At the 2017 MERL Tech London conference, my team and I gave a presentation that addressed the possibilities for and limitations of evaluating complex situations using simple Excel-based tools. The question we explored was: can Excel help us manipulate data to create predictive models and suggest  promising avenues  to project success? Our basic answer was “not yet,” at least not to its full extent. However, there are people working with accessible software like Excel to make analysis simpler for evaluators with less technical expertise.

In our presentation, Rick Davies, Mark Skipper and I showcased EvalC3, an Excel based evaluation tool that enables users to easily identify sets of attributes in a project dataset and to then compare and evaluate the relevance of these attributes to achieving the desired outcome. In other words, it helps answer the question ‘what combination of factors helped bring about the results we observed?’ In the presentation, after we explained what EvalC3 is and gave a live demonstration of how it works, we spoke about our experience using it to analyze real data from a UNICEF funded War Child UK project in Afghanistan–a project that helps children who have been deported back to Afghanistan from Iran.

Our team first learned of EvalC3 when, upon returning from a trip to our Afghanistan country programme, we discussed how our M&E team in Afghanistan uses Excel for storing and analysing data but is not able to use the software to explore or evaluate complex causal configurations. We reached out to Rick with this issue, and he introduced us to EvalC3. It sounded like the solution to our problem, and our M&E officer in Afghanistan decided to test it by using it to dig deeper into an Excel database he’d created to store data on one thousand children who were registered when they were deported to Afghanistan.  
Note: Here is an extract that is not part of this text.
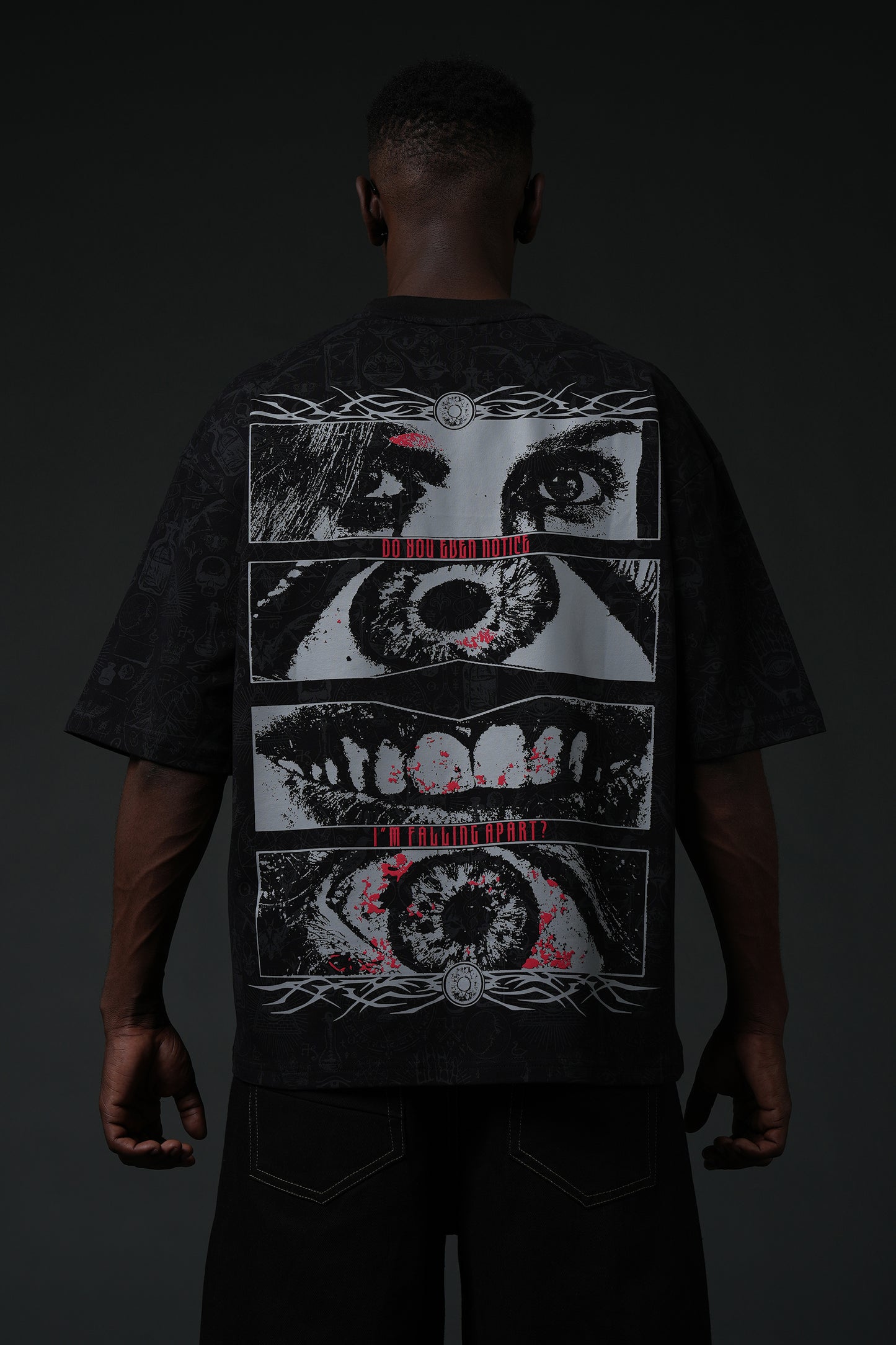 Shattered Gaze T-shirt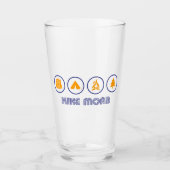 Hike Moab Utah Glas (Voorkant)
Rick, Hosain Hashmi (our M&E Officer in Afghanistan) and I formed a working group on Skype to test drive EvalC3. First, we needed to clean the data. To do this, we asked our social workers to contact the children and their caretakers to collect important missing data. Missing data is a common problem when collecting data in fragile and conflict affected contexts like those where War Child works. Fortunately, we found that EvalC3 algorithms can work with some missing data, with the tradeoff being slightly less accurate measures of model performance. Compare this to other algorithms (like Quine-McCluskey used in QCA) which do not work at all if the data is missing for some variables. We also had to reduce the number of dimensions we used. If we did not, there could be millions of combinations that could be possible outcome predictors, and an algorithm could not search all of these possibilities in a reasonable span of time. This exercise spoke to M. A. Munson’s theory that “model building only consumes 14% of the time spent on a typical [data mining] project; the remaining time is spent on the pre and post processing steps”.

With a few weeks of work on the available dataset of children deported from Iran, we found that the children who are most likely to go back to Iran for economic purposes are mainly the children who:

  • Are living with friends (instead of with. relatives/caretakers)
  • Had not been doing farming work when they were in Iran
  • Had not completed 3 months vocational training
  • Are from adult headed households (instead of from child headed households).

As the project is still ongoing, we will continue to  investigate the cases covered by the model described here in order to better understand the causal mechanisms at work.

This experience of using EvalC3 encouraged War Child to refine the data it routinely collects with a view to developing a better understanding of where War Child interventions help or don’t help. The in-depth data-mining process and analysis conducted by the national M&E Officer and programmes team resulted in improved understanding of the results we can achieve by analyzing quality data.  EvalC3 is a user-friendly evaluation tool that is not only useful in improving current programmes but also designing new and evidence based programmes.